Among the entries below, one stretch runs from the line that contains "Marines caballeros grises" through the line that contains "Vintage Team Toshiba SnapBack". Repeat that stretch exactly, ends included, and only that.
------ Data under study
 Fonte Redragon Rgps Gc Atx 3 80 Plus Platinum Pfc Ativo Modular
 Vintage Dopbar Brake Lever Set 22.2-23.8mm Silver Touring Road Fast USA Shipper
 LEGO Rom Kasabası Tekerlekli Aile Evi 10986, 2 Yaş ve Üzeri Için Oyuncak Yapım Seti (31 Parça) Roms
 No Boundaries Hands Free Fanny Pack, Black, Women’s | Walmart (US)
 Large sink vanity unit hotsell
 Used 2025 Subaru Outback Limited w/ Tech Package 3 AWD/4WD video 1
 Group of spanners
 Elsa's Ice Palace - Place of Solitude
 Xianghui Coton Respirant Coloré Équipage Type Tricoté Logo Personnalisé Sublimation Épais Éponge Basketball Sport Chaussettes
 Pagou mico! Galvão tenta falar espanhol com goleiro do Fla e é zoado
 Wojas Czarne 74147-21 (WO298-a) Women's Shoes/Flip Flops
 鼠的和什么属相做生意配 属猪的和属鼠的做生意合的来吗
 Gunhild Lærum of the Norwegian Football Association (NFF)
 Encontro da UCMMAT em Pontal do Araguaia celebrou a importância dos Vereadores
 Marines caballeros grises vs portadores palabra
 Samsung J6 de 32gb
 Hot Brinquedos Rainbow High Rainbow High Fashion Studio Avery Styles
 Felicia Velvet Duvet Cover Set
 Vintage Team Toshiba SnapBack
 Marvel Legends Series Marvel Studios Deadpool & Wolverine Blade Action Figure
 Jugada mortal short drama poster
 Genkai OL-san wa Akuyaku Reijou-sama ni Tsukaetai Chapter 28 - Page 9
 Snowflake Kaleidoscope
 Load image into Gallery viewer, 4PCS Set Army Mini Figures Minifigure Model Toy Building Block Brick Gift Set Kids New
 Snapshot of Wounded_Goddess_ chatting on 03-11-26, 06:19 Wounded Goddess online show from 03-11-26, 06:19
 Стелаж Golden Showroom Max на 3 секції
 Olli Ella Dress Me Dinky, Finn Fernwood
------------
**Response area:**
 Marines caballeros grises vs portadores palabra
 Samsung J6 de 32gb
 Hot Brinquedos Rainbow High Rainbow High Fashion Studio Avery Styles
 Felicia Velvet Duvet Cover Set
 Vintage Team Toshiba SnapBack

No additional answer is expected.